Reporting quality of trial protocols improved for non-regulated interventions but not regulated interventions: a repeated cross-sectional study.
Lohner S., Gryaznov D., von Niederhäusern B., Speich B., Kasenda B., Ojeda-Ruiz E., Schandelmaier S., Mertz D., Odutayo A., Tomonaga Y., Amstutz A., Pauli-Magnus C., Gloy V., Bischoff K., Wollmann K., Rehner L., Meerpohl JJ., Nordmann A., Klatte K., Ghosh N., Heravi AT., Wong J., Chow N., Hong PJ., Cord KM., Sricharoenchai S., Busse JW., Agarwal A., Saccilotto R., Schwenkglenks M., Moffa G., Hemkens LG., Hopewell S., von Elm E., Blümle A., Briel M.

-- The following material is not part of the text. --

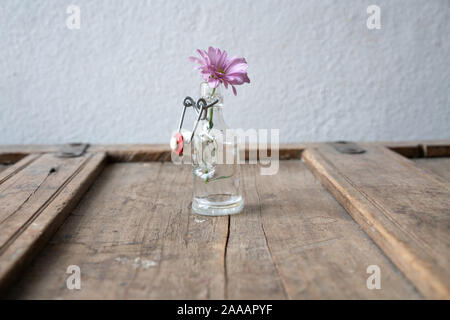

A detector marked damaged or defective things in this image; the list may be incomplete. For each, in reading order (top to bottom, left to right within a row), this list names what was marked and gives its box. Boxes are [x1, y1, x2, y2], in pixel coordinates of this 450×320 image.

rusty metal bracket [55, 142, 89, 158]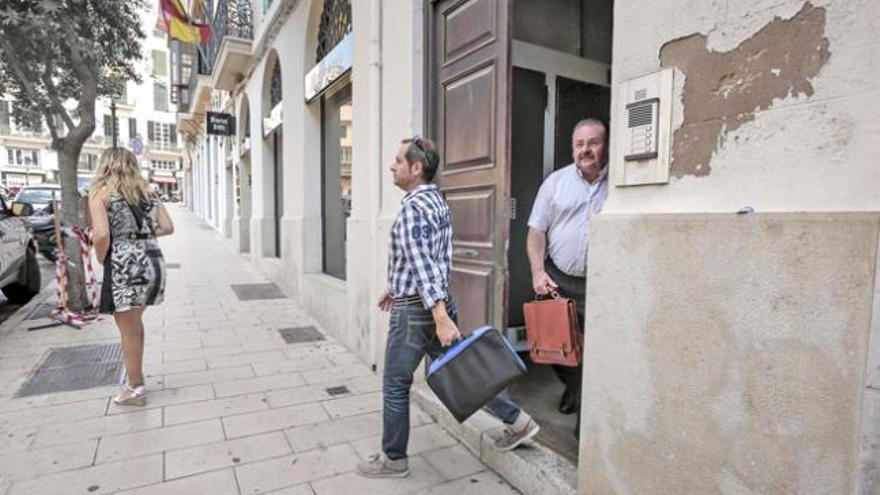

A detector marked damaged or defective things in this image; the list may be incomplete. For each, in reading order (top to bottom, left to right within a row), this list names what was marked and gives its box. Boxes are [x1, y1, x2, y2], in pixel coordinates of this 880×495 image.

peeling plaster wall [604, 0, 880, 213]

OBJECTIVES: To investigate the adherence of randomised controlled trial (RCT) protocols evaluating non-regulated interventions (including dietary interventions, surgical procedures, behavioural and lifestyle interventions, and exercise programmes) in comparison with regulated interventions to the Standard Protocol Items: Recommendations for Interventional Trials (SPIRIT) 2013 Statement. METHODS: We conducted a repeated cross-sectional investigation in a random sample of RCT protocols approved in 2012 (n=257) or 2016 (n=292) by research ethics committees in Switzerland, Germany, or Canada. We investigated the proportion of accurately reported SPIRIT checklist items in protocols of trials with non-regulated as compared to regulated interventions. RESULTS: Overall, 131 (24%) of trial protocols tested non-regulated interventions. In 2012, the median proportion of SPIRIT items reported in these protocols (59%, interquartile range [IQR], 53%-69%) was lower than in protocols with regulated interventions (median, 74%, IQR, 66%-80%). In 2016, the reporting quality of protocols with non-regulated interventions (median, 75%, IQR, 62%-83%) improved to the level of regulated intervention protocols, which had not changed on average. CONCLUSIONS: Reporting of RCT protocols evaluating non-regulated interventions improved between 2012 and 2016, although remained suboptimal. SPIRIT recommendations need to be further endorsed by researchers, ethics committees, funding agencies, and journals to optimize reporting of RCT protocols.